What is Feminist Scrapbooking?

What is Feminist Scrapbooking?

Feminist Scrapbooking

Here at the Awesome Ladies Project, we believe that feminist scrapbooking is the idea and practice of telling your stories with pictures, words, and your personal style. Just like everything else here at the Awesome Ladies Project, you can take this definition and turn it into whatever works best for you.

I (@rukristin) came up with the term ‘feminist scrapbooking’ a few years ago after trying to reconcile the need to document my life with photos, words, and pretty paper with a few things.

Here’s what I came up with:

  1. The patriarchal notion of ‘oh, that’s a thing that women do.’
  2. people who believe that you should only scrapbook if you’re a mom (with a working husband, two kids, a two-car garage, and a freshly painted white picket fence), and
  3. the idea that it should be something that you are doing ‘for your children’.

That’s not how I roll. I don’t have kids. I don’t have a husband. But I do have a partner, and friends, and family relationships that are worth celebrating. I have stories about far-away adventures and hometown favorites.

I have stories that are worth documenting.

One of my personal favorite quotes about feminism first perfectly into our feminist scrapbooking definition.

A feminist is any woman who tells the truth about her life.

— Virginia Woolf

As long as you’re telling the truth about your life, you’re a feminist.

If you’re taking physical scraps of your life, whether it be photos, journaling, memorabilia, pretty paper, artwork, or anything else, and putting that together into a book/album, you’re a feminist scrapbooker.
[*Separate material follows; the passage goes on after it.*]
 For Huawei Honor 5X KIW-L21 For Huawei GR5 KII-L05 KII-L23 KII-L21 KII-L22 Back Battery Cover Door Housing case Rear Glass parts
What is Feminist Scrapbooking

Feminist scrapbooking is about telling the stories of our lives and of our generation.

We document our lives because we are the best humans to do the job.

We take photographs, words, and bits of our lives and we turn them into beautiful creative representations of our experiences here on Earth.

Feminist scrapbooking celebrates the diversity of women. We learn so much more about ourselves not only when we tell our stories, but when we watch AND LISTEN to other women tell their stories.

The beauty in our overlapping experiences is just as exceptional as the beauty of their divergence.

We are feminist scrapbookers because there is no universal story of woman.

Just as there is no universal definition of woman or feminism, there’s no universal, one size fits all definition of feminist scrapbooking. It’s different for each one of us.

For me, feminist scrapbooking is about telling my stories with photos, words, creative supplies, and bits of life through my lens of me. It’s about being present in my memory-keeping.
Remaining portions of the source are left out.